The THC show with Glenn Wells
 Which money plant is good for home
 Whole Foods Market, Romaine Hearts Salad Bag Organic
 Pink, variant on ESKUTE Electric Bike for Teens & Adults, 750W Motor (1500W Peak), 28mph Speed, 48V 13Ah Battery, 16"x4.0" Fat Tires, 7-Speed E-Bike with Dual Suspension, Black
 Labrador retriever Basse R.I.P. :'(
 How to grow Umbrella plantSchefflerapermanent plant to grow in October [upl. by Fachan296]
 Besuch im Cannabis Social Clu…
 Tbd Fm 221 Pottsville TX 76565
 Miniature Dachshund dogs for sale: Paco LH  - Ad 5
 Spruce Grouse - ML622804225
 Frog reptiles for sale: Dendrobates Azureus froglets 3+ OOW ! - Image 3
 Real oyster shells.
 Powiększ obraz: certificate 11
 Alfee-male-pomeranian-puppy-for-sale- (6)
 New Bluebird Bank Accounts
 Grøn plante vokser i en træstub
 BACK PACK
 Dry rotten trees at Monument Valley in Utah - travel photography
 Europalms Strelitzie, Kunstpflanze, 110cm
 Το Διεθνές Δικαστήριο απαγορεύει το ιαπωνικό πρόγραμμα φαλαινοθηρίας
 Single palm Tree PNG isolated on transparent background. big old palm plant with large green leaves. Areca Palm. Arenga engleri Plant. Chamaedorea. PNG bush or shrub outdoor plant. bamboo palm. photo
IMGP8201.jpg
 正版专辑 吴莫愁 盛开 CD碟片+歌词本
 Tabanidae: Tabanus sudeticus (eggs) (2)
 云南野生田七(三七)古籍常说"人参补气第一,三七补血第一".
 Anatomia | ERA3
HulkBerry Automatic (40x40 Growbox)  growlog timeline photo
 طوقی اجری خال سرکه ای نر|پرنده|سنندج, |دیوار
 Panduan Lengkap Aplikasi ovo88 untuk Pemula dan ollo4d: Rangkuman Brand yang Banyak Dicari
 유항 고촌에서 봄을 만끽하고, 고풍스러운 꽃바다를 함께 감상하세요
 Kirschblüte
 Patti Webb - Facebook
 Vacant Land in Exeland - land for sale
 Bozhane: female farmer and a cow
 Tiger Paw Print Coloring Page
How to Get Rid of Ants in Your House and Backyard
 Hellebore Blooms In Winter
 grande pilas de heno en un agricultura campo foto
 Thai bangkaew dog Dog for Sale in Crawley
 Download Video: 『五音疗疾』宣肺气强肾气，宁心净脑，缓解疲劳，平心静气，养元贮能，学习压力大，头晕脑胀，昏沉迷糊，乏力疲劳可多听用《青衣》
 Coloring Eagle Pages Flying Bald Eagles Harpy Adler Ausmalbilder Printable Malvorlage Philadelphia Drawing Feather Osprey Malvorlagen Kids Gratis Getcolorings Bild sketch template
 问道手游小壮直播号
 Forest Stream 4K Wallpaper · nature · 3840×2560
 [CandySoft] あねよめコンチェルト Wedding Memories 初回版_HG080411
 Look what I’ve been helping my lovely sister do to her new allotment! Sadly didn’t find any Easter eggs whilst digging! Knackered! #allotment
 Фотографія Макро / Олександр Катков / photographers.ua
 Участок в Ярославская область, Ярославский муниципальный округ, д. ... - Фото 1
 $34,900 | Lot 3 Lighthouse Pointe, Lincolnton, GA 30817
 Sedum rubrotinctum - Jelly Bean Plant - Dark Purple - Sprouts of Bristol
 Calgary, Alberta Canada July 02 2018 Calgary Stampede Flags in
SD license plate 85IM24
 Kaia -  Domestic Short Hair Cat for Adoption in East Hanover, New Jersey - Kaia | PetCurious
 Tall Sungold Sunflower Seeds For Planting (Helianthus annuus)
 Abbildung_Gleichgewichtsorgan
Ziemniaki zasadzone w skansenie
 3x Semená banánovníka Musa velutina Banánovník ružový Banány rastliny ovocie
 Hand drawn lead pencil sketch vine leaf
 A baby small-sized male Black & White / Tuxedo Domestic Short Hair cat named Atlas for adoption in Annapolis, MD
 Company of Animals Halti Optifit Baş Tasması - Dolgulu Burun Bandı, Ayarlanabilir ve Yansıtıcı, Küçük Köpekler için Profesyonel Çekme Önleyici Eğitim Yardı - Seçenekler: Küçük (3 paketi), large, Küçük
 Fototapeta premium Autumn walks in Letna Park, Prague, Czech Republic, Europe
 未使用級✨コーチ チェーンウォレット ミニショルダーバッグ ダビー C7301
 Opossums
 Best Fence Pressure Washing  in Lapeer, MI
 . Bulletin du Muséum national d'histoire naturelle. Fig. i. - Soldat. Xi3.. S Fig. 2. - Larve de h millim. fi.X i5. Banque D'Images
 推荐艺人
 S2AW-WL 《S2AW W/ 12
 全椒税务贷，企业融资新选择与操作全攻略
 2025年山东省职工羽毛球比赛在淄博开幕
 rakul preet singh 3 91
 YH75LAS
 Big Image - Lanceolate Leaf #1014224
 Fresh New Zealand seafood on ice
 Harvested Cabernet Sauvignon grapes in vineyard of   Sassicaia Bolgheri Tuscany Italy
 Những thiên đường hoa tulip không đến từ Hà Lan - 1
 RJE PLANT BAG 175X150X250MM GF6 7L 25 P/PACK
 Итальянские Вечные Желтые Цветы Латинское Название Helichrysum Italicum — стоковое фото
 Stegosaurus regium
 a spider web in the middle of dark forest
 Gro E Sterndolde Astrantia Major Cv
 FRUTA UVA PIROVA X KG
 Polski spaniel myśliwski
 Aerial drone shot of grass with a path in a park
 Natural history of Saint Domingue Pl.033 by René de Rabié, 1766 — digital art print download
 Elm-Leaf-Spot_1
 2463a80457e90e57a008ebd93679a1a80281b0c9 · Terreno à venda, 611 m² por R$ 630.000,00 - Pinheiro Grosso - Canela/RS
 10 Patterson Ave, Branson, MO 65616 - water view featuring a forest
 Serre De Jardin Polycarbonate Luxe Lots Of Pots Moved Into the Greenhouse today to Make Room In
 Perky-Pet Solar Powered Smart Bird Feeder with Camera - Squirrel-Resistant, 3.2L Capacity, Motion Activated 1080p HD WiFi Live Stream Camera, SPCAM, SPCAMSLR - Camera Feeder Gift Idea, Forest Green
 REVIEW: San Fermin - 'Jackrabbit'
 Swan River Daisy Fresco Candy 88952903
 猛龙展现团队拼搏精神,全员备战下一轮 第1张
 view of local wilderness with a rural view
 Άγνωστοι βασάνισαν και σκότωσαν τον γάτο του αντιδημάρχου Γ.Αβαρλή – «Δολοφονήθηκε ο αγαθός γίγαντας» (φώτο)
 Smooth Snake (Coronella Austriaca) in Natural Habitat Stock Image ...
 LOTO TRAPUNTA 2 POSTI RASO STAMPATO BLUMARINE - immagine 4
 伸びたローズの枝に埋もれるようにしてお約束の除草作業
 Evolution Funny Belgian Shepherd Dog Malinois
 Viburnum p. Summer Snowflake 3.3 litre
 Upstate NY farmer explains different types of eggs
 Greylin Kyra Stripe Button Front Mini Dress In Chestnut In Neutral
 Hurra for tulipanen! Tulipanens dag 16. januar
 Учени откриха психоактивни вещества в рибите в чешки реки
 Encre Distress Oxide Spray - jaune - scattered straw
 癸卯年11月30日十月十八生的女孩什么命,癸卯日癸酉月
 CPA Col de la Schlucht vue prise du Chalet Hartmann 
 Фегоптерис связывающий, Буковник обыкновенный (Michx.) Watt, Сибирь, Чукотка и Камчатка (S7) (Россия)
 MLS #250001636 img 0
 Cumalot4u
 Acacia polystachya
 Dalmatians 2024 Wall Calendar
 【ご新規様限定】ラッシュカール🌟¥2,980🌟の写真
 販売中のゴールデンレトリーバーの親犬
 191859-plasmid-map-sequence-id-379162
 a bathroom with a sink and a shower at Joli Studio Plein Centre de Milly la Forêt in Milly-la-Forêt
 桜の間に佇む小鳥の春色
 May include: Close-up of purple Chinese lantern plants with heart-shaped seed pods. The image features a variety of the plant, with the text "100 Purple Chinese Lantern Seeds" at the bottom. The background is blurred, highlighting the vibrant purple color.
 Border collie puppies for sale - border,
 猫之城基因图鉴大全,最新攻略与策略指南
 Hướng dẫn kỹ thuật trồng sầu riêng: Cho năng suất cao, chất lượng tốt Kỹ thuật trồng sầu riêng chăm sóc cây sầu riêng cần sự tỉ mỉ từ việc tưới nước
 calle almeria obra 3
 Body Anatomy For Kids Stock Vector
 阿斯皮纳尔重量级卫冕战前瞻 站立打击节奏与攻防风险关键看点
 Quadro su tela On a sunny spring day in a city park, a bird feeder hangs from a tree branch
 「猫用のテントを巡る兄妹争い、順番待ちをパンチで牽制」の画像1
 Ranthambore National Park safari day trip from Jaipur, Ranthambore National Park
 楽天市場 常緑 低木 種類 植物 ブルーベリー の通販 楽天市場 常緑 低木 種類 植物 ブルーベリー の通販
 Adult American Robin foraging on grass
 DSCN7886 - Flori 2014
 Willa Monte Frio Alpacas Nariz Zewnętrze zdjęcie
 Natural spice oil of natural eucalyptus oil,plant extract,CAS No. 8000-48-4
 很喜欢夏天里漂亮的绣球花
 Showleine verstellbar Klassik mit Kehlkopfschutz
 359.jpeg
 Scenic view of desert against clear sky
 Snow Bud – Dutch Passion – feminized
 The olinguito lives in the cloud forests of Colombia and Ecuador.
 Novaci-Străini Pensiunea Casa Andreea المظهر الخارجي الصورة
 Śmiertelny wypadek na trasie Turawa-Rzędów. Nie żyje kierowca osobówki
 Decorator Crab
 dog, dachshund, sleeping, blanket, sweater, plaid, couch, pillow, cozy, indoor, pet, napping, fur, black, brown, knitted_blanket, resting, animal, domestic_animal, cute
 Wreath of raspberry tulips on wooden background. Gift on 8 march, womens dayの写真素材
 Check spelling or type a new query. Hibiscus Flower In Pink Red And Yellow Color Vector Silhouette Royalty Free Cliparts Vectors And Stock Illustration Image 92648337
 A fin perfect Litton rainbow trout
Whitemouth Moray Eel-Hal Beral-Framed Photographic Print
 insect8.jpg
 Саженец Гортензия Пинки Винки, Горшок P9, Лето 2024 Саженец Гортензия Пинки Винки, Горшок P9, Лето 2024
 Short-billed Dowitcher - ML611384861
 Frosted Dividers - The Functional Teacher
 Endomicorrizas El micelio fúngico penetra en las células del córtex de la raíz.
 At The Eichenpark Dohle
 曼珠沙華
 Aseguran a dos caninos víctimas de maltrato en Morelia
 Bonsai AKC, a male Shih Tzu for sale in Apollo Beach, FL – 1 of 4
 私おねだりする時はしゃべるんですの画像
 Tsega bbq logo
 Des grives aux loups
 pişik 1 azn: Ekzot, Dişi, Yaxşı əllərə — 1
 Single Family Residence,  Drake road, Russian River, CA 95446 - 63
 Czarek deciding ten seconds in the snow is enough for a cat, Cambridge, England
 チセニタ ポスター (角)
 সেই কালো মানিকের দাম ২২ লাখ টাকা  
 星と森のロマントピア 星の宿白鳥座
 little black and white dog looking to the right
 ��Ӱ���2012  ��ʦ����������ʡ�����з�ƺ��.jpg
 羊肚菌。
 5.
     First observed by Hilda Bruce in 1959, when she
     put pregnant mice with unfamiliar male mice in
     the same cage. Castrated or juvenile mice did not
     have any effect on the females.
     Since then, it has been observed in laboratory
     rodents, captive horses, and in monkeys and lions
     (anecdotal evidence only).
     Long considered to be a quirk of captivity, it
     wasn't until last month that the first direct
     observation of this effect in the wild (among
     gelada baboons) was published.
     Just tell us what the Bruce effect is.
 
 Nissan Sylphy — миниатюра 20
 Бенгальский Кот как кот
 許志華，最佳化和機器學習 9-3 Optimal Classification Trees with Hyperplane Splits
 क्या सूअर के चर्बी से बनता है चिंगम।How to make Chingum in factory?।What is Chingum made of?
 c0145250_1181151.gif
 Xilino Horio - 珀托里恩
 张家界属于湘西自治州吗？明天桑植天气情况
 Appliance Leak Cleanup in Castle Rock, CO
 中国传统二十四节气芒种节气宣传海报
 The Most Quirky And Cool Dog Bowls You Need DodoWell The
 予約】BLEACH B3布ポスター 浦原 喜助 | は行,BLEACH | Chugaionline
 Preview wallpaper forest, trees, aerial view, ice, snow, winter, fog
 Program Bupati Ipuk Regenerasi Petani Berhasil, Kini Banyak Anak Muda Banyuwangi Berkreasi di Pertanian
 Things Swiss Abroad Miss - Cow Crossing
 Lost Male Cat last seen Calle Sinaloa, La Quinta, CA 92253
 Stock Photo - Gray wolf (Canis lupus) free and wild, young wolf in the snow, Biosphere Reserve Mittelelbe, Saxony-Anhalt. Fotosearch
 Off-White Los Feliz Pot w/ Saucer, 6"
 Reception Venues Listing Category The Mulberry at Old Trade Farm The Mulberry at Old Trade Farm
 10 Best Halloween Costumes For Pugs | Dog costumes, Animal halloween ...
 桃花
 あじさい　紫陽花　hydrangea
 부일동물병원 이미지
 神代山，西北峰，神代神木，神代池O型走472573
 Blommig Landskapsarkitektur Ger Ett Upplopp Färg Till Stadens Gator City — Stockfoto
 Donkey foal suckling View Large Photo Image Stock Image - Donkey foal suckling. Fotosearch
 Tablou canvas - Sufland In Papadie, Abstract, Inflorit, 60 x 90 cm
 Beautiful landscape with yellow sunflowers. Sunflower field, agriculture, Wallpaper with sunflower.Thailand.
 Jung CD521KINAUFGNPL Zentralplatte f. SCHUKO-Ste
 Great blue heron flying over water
# # #
» THE PROBLEM
Above are the entries. Output exactly the lines beginning with the line that has "a spider web in the middle of dark forest" and ending with the line that has "Serre De Jardin".

» ANSWER SECTION
 a spider web in the middle of dark forest
 Gro E Sterndolde Astrantia Major Cv
 FRUTA UVA PIROVA X KG
 Polski spaniel myśliwski
 Aerial drone shot of grass with a path in a park
 Natural history of Saint Domingue Pl.033 by René de Rabié, 1766 — digital art print download
 Elm-Leaf-Spot_1
 2463a80457e90e57a008ebd93679a1a80281b0c9 · Terreno à venda, 611 m² por R$ 630.000,00 - Pinheiro Grosso - Canela/RS
 10 Patterson Ave, Branson, MO 65616 - water view featuring a forest
 Serre De Jardin Polycarbonate Luxe Lots Of Pots Moved Into the Greenhouse today to Make Room In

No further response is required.